With the Southern California Air Quality Management District’s (SCAQMD) Clean On-Road Transit Buses Rule dictating they couldn’t operate a diesel engine, they looked at the options. Jackson says, “Half a dozen or so years ago we were faced with that decision and this facility, it’s been here for 80 years. We’re not in an industrial area. CNG tanks and compressors, it’s noisy, it’s not necessarily thought of as being compatible with the surrounding neighborhoods, so we decided we can’t put it here.
“So we went with a hybrid-electric and the engine that runs our hybrid-electric is a gasoline engine.

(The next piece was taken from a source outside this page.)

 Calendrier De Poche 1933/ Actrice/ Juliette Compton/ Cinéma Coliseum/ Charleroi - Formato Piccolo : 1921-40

It’s not diesel, they wouldn’t let us have a little diesel engine, so we put in a little gasoline engine.” He adds, “We have almost 100 of them.

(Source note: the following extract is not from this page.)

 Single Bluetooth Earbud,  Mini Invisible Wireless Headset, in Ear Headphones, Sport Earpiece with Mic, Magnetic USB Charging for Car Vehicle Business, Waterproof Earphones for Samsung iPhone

“The whole hybrid technology, which is very expensive compared to diesel and much more expensive than even CNG or LNG, it hasn’t lived up to the hype,” Jackson says. “It’s not the Prius; you’re not going to be getting 40 miles per gallon. We were achieving maybe a 5, 10, 15 percent increase, but gasoline prices vs. diesel prices vs. natural gas, it’s a market consideration in terms of cost, too.

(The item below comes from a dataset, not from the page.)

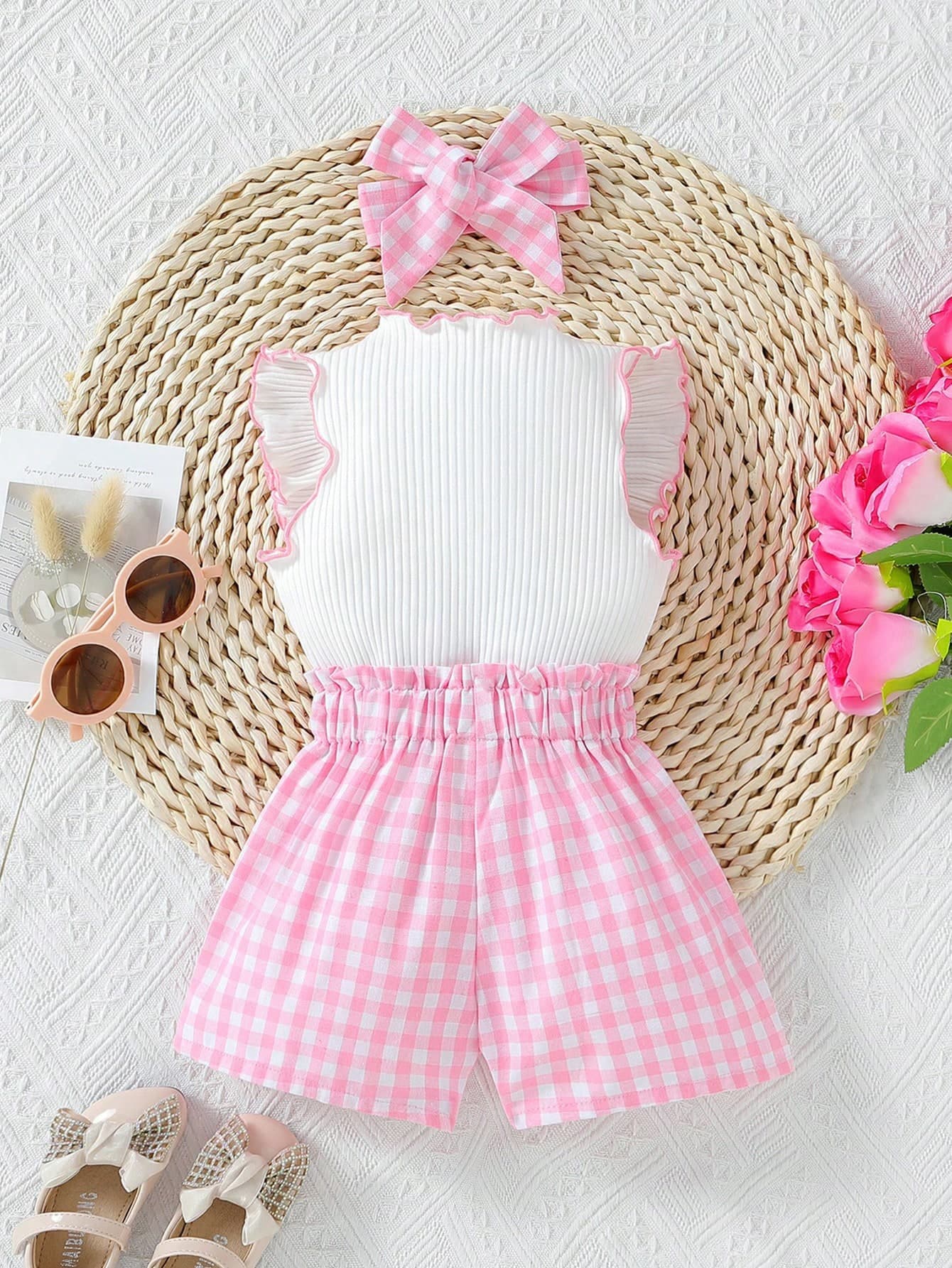 طقم بناتي قطعتين كنزة وشورت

“We weren’t achieving the cost savings that we wanted to.”
Just like everywhere else, LBT has been feeling the hardship of the economy. There have been adjustments for both riders and employees. There were little service cuts, fare increases, no wage increases for anybody since 2008, effectively a 5 percent additional contribution toward retirement, and additional contributions toward the health insurance.
“People have felt a 7 percent reduction in their paycheck as we’ve gone through this,” Jackson says. “But we haven’t laid anybody off.
“My mantra has been I’m saving jobs,” Jackson stresses. “We’re keeping everybody employed, and we’re keeping service on the street.